These wireless or mobile networks are searching for significant gains in terms of capacity, reliability, consumption and the like. Unlike in a landline network, the transmission channel of a wireless network or mobile network is reputed to be difficult and leads to relatively mediocre reliability of transmission. Major progress has been made in recent years in the field of encoding and modulation, especially as regards consumption and capacity. Indeed, in a wireless network where several transmitters/receivers share the same resources (of time, frequency and space), the sending power must be reduced to the utmost.
To make communications reliable, the technique generally used is the ARQ (Automatic Request for Repetition) technique wherein the information is re-transmitted if the receiver detects a presence of errors. This technique calls for error-detection mechanisms and a channel dedicated to signaling. Its main defect is that it increases the transmission time and therefore has little compatibility with real-time applications (telephony for example). Furthermore, new emerging applications such as sensor networks or also the broadcasting of television signals to mobile units are subject towards constraints of complexity and/or consumption that are incompatible with these solutions.

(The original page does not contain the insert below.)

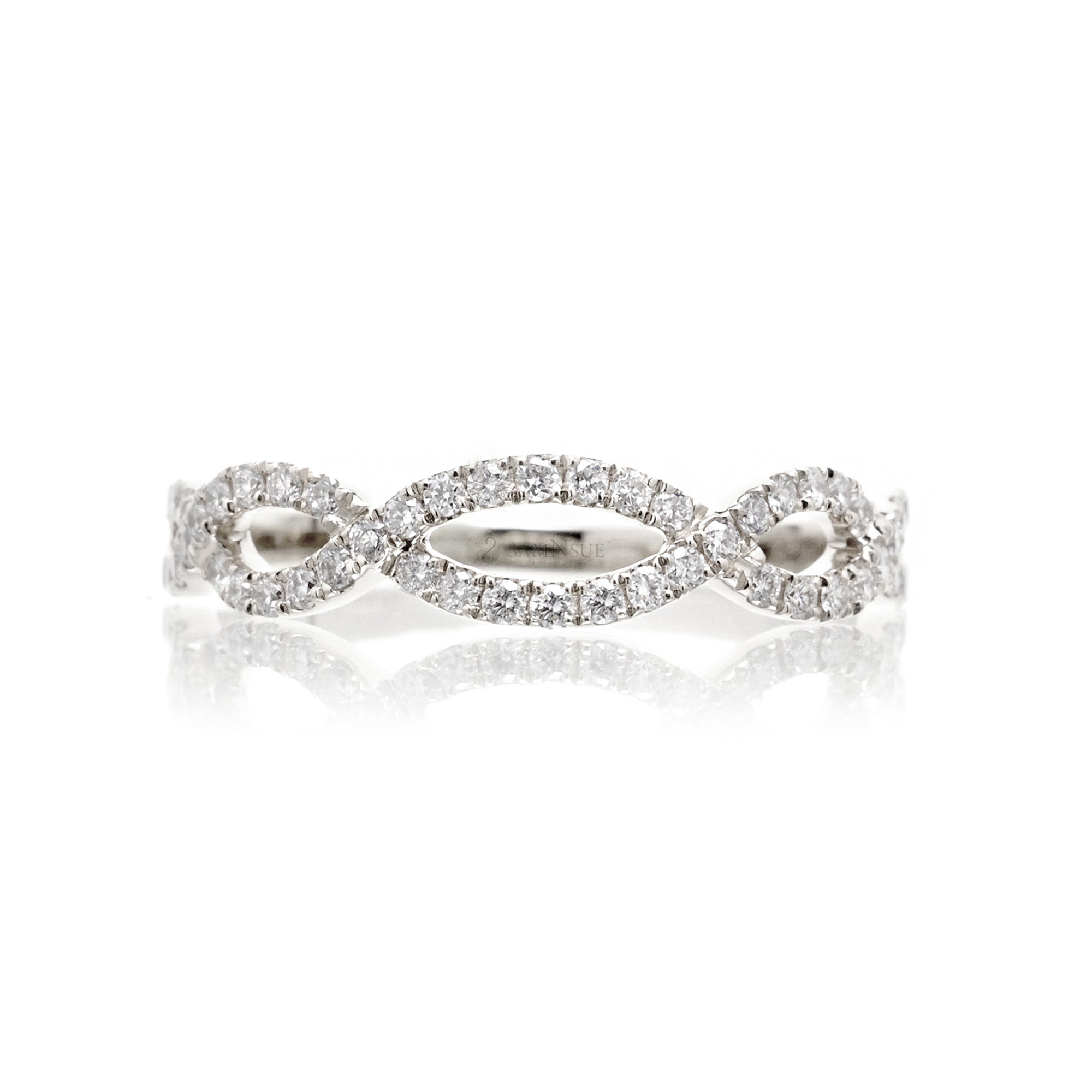 Twisted infinity diamond wedding band the Rosy white gold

A second and more recent approach relies on relays to improve transmission efficiency. The relay can either “decode and forward” the stream or “amplify and forward” the received signal.

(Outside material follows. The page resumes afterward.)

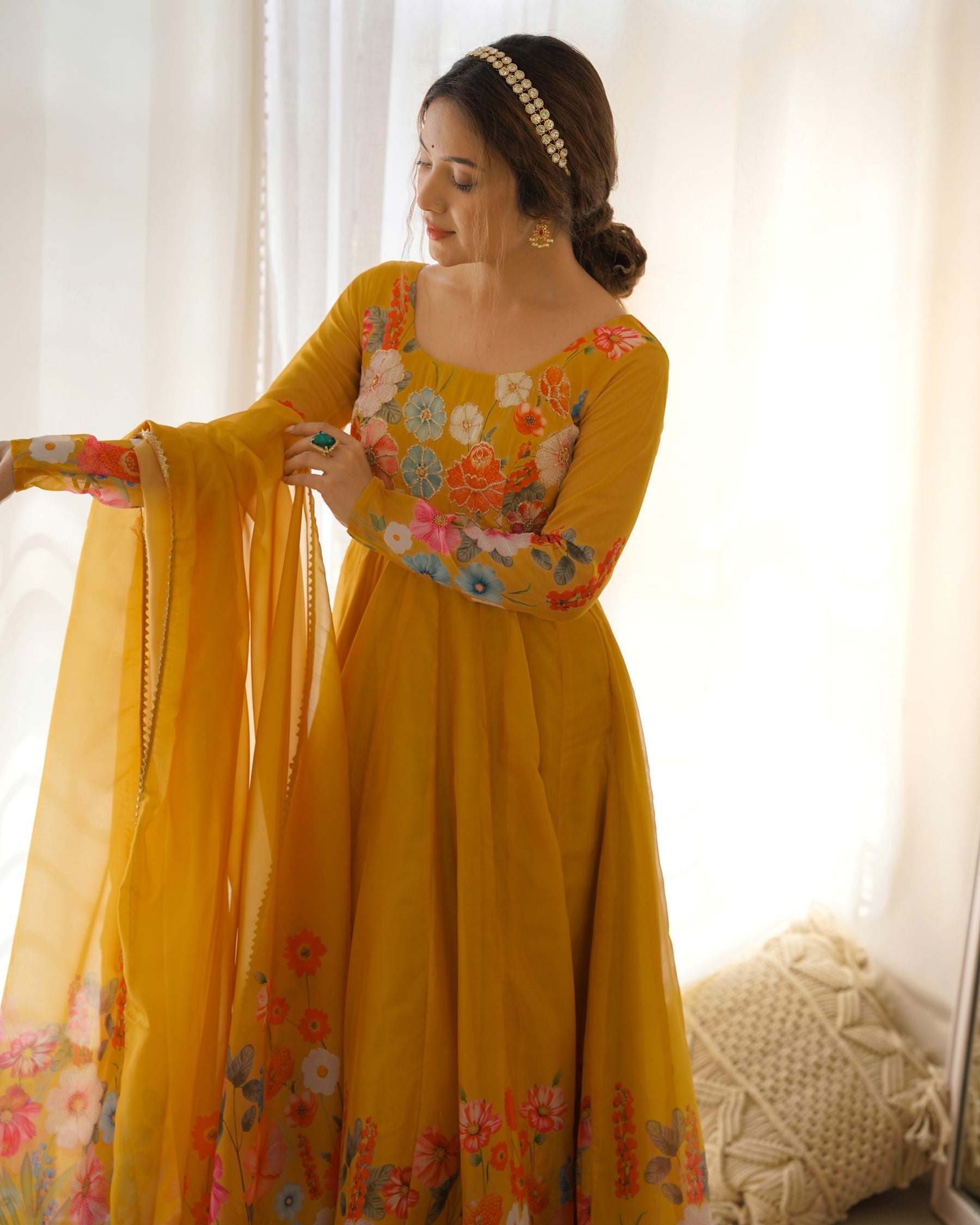 Yellow Color Floral Print Organza Three Piece Anarkali Suit For Women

Finally, it has been proposed to combine this technique of relays with the technique known as “network coding”. This approach is described for example by S. Yang and R. Koetter, “Network Coding over a Noisy Relay: a Belief Propagation Approach,” in Proc. IEEE ISIT '07, Nice, France, June 2007.). The relay decodes the two received code words sent respectively by two sources, and then computes and transmits the log-likelihood ratio (LLR) of the bit-by-bit sum modulo 2 of the two code words. Thus, the receiver has three observations available: the two sources and the LLR. This solution has several defects: it is highly sensitive to errors in the relay and above all the analog value of the LLR must be transmitted with sufficient precision (four bits at least) between the relay and the receiver for each bit of the stream sent by the sources, and this is to the detriment of the capacity of the network. A similar approach is proposed by S. Zhang, Y. Zhu, S.-C. Liew, and K. Ben Letaief, “Joint Design of Network Coding and Channel Decoding for Wireless Networks” in Proc. IEEE WCNC '07, pp. 779-784, 11-15 Mar. 2007). However, the authors have studied the reduction of complexity in the relay without touching on the decoding in the receiver.
In these different cases, the decoding is difficult and there is no simple and efficient solution for processing in the receivers.